# The ride



## couldabeenmine14.9 (Mar 24, 2004)

What do you think?


----------



## ga16freak (Dec 31, 2004)

Its flashy, the rims are a little big for my taste but I like the color of the car. The tail lights arent exactly my favorite either. Looks like you have put a lot of work into the car though.


----------



## Acceler8ter (Feb 5, 2005)

couldabeenmine14.9 said:


> What do you think?


I'm torn between the white-painted cowl. I'm not sure if I like it or if I don't.
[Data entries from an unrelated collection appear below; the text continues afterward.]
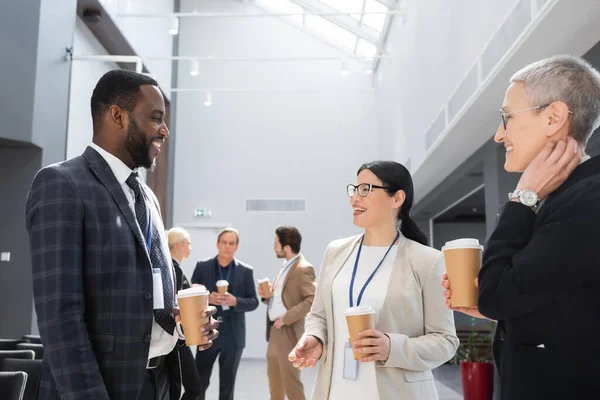 Des hommes d'affaires multiethniques souriants tenant un café à emporter tout en parlant pendant la conférence — Photo de stock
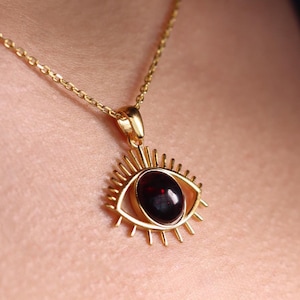 May include: A gold chain necklace with a pendant shaped like an eye. The eye is made of a dark red gemstone.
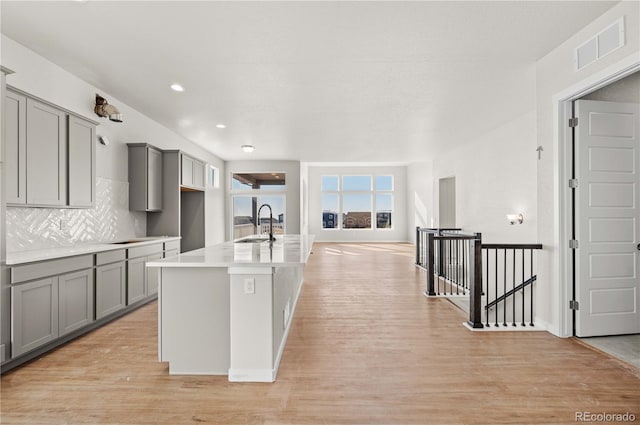 kitchen with light wood-style floors, visible vents, gray cabinets, and a sink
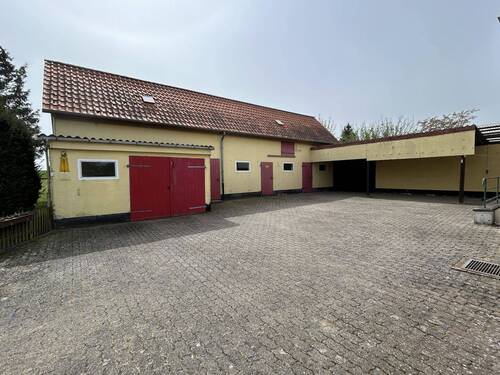 Hof mit Garage und Nebengebäude - Einfamilienhaus mit 120,00 m&sup2; in Uehrde zum Kaufen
But for the rest of the car.... it's freakin' sweet. 

Welcome to Sickville, population YOU! :thumbup: :thumbup: Now we just need more pics.


----------



## couldabeenmine14.9 (Mar 24, 2004)

Acceler8ter said:


> I'm torn between the white-painted cowl. I'm not sure if I like it or if I don't. But for the rest of the car.... it's freakin' sweet.
> 
> Welcome to Sickville, population YOU! :thumbup: :thumbup: Now we just need more pics.


Yeah I know the hood looks white but it is actually silver. It was a very sunny day when I took these pics.
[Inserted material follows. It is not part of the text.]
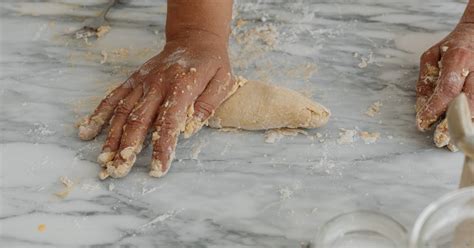 Fotografía de Rosalía Vega amasando la masa de empanada con manos expertas.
check out this site http://www.kaoticimpulse.com/marcussentra.htm


----------



## b14sleeper (Dec 31, 2004)

definately a nice car bro, actually it is really nice... also nice to see that you are hittin up the boards.


----------



## couldabeenmine14.9 (Mar 24, 2004)

Yeah I figured I should try and get to know everyone.
Lot of good peeps out there.
Thanks for the comments


----------



## orochipower1118 (Jan 19, 2004)

hot kit, looks familiar, what is it? jk 
yeah looks really nice


----------



## FadedKM83 (Jan 27, 2003)

orochipower1118 said:


> yeah looks really rice


I'm glad I'm not the only one who thinks so.


----------



## orochipower1118 (Jan 19, 2004)

FadedKM83 said:


> I'm glad I'm not the only one who thinks so.


hahahhahahahaha



but no really i like it


----------



## couldabeenmine14.9 (Mar 24, 2004)

It may be rice but it is nice rice  :cheers:


----------



## 1CLNB14 (Apr 30, 2002)

Nice B15

Any interior/motor shots?


----------



## Neva2wicked (Sep 13, 2003)

I wouldn't call it rice. It looks tastefully done thus far.
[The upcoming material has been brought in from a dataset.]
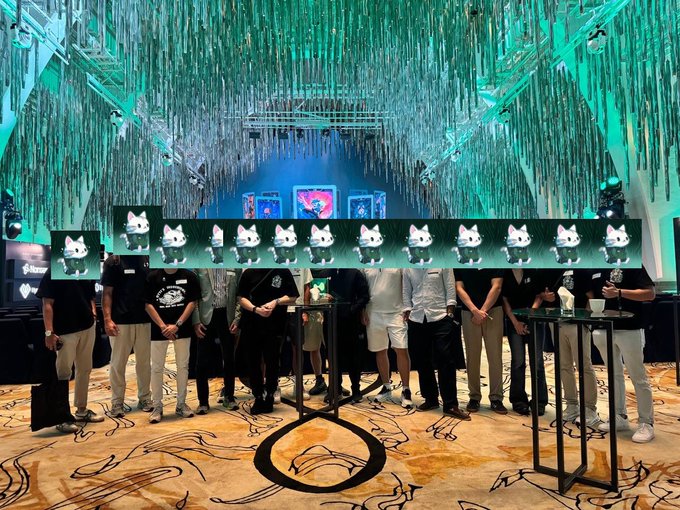 A group of people stand together at an indoor event venue decorated with green cascading streamers and screens displaying animated cat logos, with a "Hypurr" branded stand visible. The image aligns with the post celebrating HypurrCo's gathering of community leads and regional communities, showcasing the team's appreciation for the organizers behind the event.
I've been wondering with all these aftermarket hoods I've been seeing. What is that on the hood just above the headlights. They look like little blisters- or is it just a slight glare?

I'm def. feeling those rims though. 
Now what about the engine?


----------



## xbrandonx (Mar 27, 2004)

1CLNB14 said:


> Nice B15
> 
> Any interior/motor shots?



I was gonna ask if he just sat on 5 gallon buckets upside down and could only roll the car downhill 

I'm not sure about the exterior silver paint either, doesn't seem to match anything else.


----------



## Slayer2003 (Jun 4, 2003)

I like it. Especially the ICE. more shots of the trunk, and some engine bay shots man!.


----------



## ekizz (Jan 7, 2005)

i usually dont dig body kits and stuff... but i think you made it look pretty good on your car. your rims are pretty hot too.


----------



## jobeken (Oct 3, 2005)

Me too. I really never liked big body kits or chrome wheels on anything except on a luxury car or truck. However you made it look pretty damn good and paid the money to make sure it looks good. I hate cheap a$$ body kits!!!!! Yours is tight though. :thumbup:


----------



## masternater013 (Oct 19, 2005)

very clean. love the wheels


----------



## SilentTread1 (Oct 17, 2005)

Looks like you put alot of work in, good job :thumbup:


----------



## couldabeenmine14.9 (Mar 24, 2004)

I really don't have anything done to the interior of the car. Just the stock interior. Just kept it clean.
As far as engine mods are concerned I have i/h/e midpipe by HP autoworks, hondata gasket, ground wiring kit, optima yellow top battery, Nimso fstb, UR racing pulley.
Here is a shot of the engine bay


----------



## couldabeenmine14.9 (Mar 24, 2004)

Neva2wicked said:


> I wouldn't call it rice. It looks tastefully done thus far.
> 
> I've been wondering with all these aftermarket hoods I've been seeing. What is that on the hood just above the headlights. They look like little blisters- or is it just a slight glare?
> 
> ...


Its the carbon fiber showing underneath about 5 new coats of clear. When that hood gets waxed really good you can really see the carbon fiber underneath.


----------



## 1CLNB14 (Apr 30, 2002)

Nice clean engine bay.
Looking good, keep it up!


----------